Activity: Find "Yellow and green" and "2002 Mattel Barbie" in the records below. Copy the lines holding them and every line between, exactly, and no others.
■ ■ ■ ■
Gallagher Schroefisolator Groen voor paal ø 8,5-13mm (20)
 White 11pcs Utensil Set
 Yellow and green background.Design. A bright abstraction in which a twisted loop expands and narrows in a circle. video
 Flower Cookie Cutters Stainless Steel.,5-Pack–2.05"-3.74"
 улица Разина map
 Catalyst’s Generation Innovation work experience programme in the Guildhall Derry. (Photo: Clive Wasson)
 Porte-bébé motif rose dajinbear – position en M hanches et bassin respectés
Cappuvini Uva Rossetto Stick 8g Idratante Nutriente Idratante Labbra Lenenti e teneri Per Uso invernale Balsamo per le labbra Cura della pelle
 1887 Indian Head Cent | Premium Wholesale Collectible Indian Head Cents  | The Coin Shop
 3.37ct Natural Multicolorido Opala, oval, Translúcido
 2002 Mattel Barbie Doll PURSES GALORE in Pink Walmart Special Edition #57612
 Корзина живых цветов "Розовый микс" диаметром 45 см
■ ■ ■ ■
Response to this exercise:
 Yellow and green background.Design. A bright abstraction in which a twisted loop expands and narrows in a circle. video
 Flower Cookie Cutters Stainless Steel.,5-Pack–2.05"-3.74"
 улица Разина map
 Catalyst’s Generation Innovation work experience programme in the Guildhall Derry. (Photo: Clive Wasson)
 Porte-bébé motif rose dajinbear – position en M hanches et bassin respectés
Cappuvini Uva Rossetto Stick 8g Idratante Nutriente Idratante Labbra Lenenti e teneri Per Uso invernale Balsamo per le labbra Cura della pelle
 1887 Indian Head Cent | Premium Wholesale Collectible Indian Head Cents  | The Coin Shop
 3.37ct Natural Multicolorido Opala, oval, Translúcido
 2002 Mattel Barbie Doll PURSES GALORE in Pink Walmart Special Edition #57612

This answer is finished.